DETAILED DESCRIPTION OF THE INVENTION (Industrial Application Field) The present invention relates to a fuel supply control device for an internal combustion engine, and in particular, it controls the amount of fuel supplied after starting the engine in an appropriate manner according to the atomization characteristics of the fuel used. The present invention relates to a control device for controlling.

(Prior Art) Conventionally, in order to prevent engine stall after starting the engine and to accelerate the acceleration immediately after starting the engine,
After starting the internal combustion engine, an initial increase value for the amount of fuel supplied to the engine is set according to the engine temperature, and the initial increase m
A fuel supply control method after starting an internal combustion engine is known in which the value is gradually decreased by a predetermined degree (for example, Japanese Patent Laid-Open No. 60-2
37131 and JP-A-61-28730)
.

(Problems to be Solved by the Invention) However, the above-mentioned conventional technology has problems such as a decrease in engine speed after starting when fuel with low atomization characteristics is used.

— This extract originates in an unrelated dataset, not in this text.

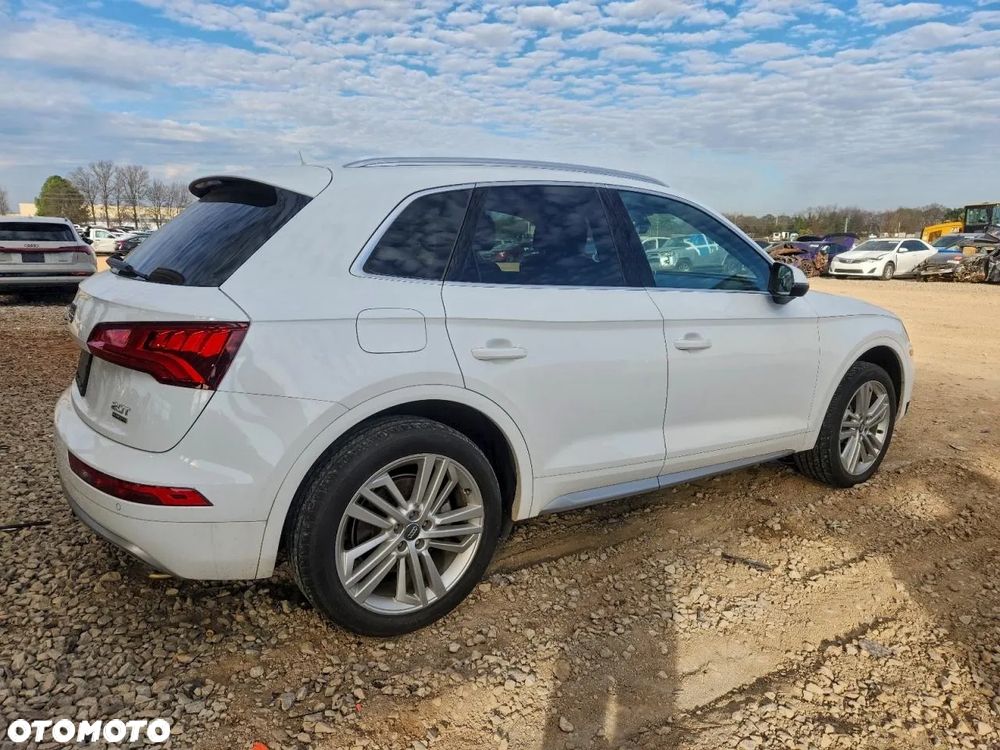 Audi Q5 2.0 TFSI Quattro S tronic design - 4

In other words, the reason why the amount of fuel is increased after starting in the conventional technology described above is because the temperature of the intake pipe wall is lower than the temperature inside the combustion chamber immediately after starting, and therefore, the amount of fuel that lands on the intake pipe wall is large. , since the degree of atomization of the fuel t1 is low, this is to compensate for the substantially leaner supply air-fuel ratio accompanying this and obtain good combustion.

On the other hand, for the purpose of preventing air pollution caused by vaporized fuel being released into the atmosphere, fuel with low atomization characteristics (hereinafter referred to as low atomization fuel may be done. When the low atomization fuel is used, the amount of fuel adhering to the intake pipe wall increases because the atomization characteristics are lower than that of normal fuel after the engine is started when the intake pipe wall temperature is low.

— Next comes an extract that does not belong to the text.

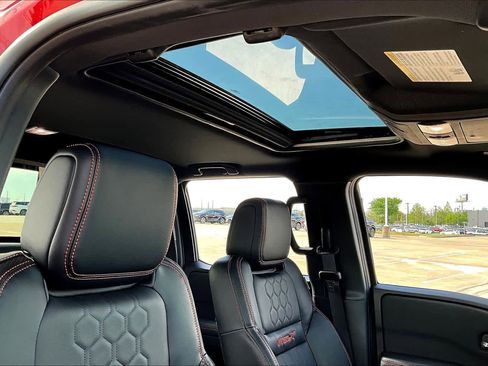 Used 2024 Nissan Frontier Pro-X w/ Pro Premium Package RWD image 14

However, the conventional technology described above does not take into account the increase in the amount of adhering fuel due to such causes, and is therefore unable to deal with this problem. When the number decreases and the degree of decrease is high, it will lead to engine stall.

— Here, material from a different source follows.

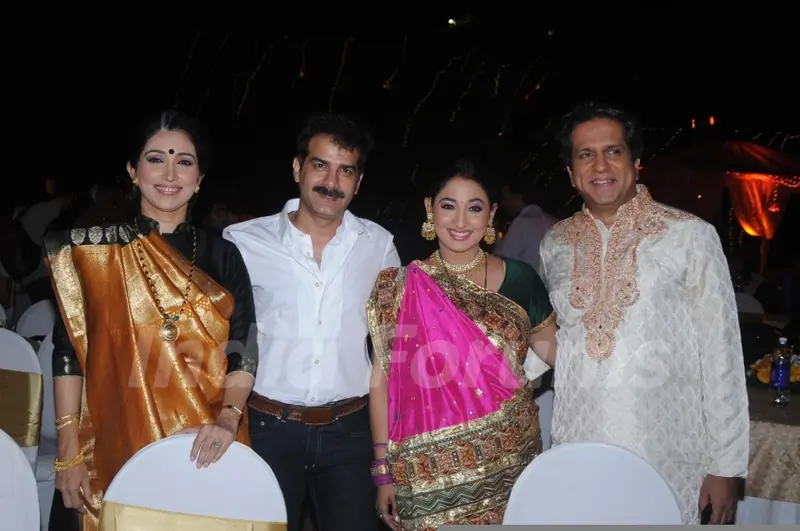 Still from tv show Behenein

The present invention has been made in order to solve the problems of the prior art described in section 2, and when low atomization fuel is used in the warm season, the engine after starting depending on the atomization characteristics of the fuel. It is an object of the present invention to provide a fuel supply control device for an internal combustion engine that can appropriately prevent a decrease in rotational speed and an engine stall caused by this, and thereby can obtain good starting characteristics.

(Means for Solving the Fi Problem) In order to achieve the above object, the present invention provides an increase -1111'! that gradually decreases after starting an internal combustion engine over a predetermined period of time after the start or a predetermined number of engine revolutions. A fuel supply control device for an internal combustion engine that supplies an increased amount of fuel to the engine includes an atmospheric temperature detector that detects atmospheric temperature; and an increase correction means for increasing the increase value.

Further, in the above configuration, the 01j increase-1it correction means is set to 11 when the atmospheric temperature is 1 unit higher than the predetermined value. When the value is less than the second predetermined value, the value is incremented by 1 at the time of 01i.

Furthermore, in the second groove formation, instead of the increasing r1hn positive means, when the atmospheric temperature detected by the atmospheric temperature detector is equal to or more than a predetermined 1/(, the predetermined period is extended or 01
(j) increasing period extension means for increasing the predetermined number of engine rotations;

(Example) Hereinafter, one embodiment of the present invention will be described with reference to the drawings.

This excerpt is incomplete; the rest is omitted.